PROBLEM REQUIREMENTS:
Return every line of the listing below so that it matches the original exactly.

COLLECTED DATA:
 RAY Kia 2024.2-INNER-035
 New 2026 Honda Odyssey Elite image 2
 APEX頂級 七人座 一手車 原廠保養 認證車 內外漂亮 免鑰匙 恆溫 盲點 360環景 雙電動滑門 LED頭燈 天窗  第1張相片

ANSWER AREA:
 RAY Kia 2024.2-INNER-035
 New 2026 Honda Odyssey Elite image 2
 APEX頂級 七人座 一手車 原廠保養 認證車 內外漂亮 免鑰匙 恆溫 盲點 360環景 雙電動滑門 LED頭燈 天窗  第1張相片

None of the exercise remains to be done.